Air liur juga merupakan tempat ekskresi beberapa obat tertentu seperti alkohol dan morfin. pH air liur
biasanya sedikit asam, kira-kira 6,8. Air liur mengandung ptialin yaitu enzim amilase. Enzim ini menjadi tidak aktif
pada pH 4 atau lebih rendah. Ptialin memecah pati menjadi dektrin-dektrin dan maltosa. Larutan pati bila diberi
tetesan iodium akan menimbulkan warna biru tua; warna biru ini khas untuk pati.

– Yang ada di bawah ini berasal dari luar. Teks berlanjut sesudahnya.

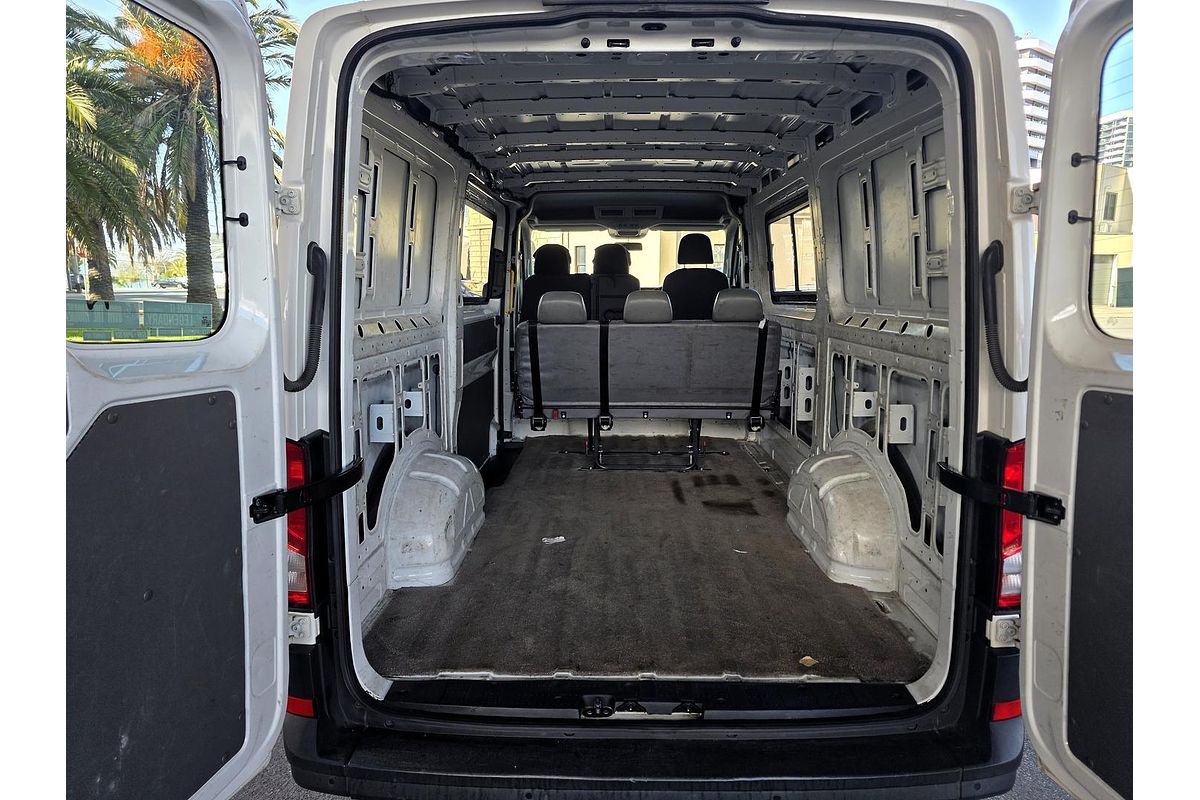 2018 Volkswagen Crafter 35 TDI410 SY1 LWB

HIDROLISA PATI REAKSI IODIUM

 
pati biru
 
pati yang larut biru
 
amilodexterin + maltosa biru
 
eritrodekstrin + maltosa merah
 
akroodekstrin + maltosa tak berwarna
 
maltosa tak berwarna

Jika hidrolisa dilakukan dengan enzim amilase maka sebagai hasil akhir akan terbentuk maltosa. Tetapi bila
hidrolisa dilakukan dengan asam terbentuk glukosa.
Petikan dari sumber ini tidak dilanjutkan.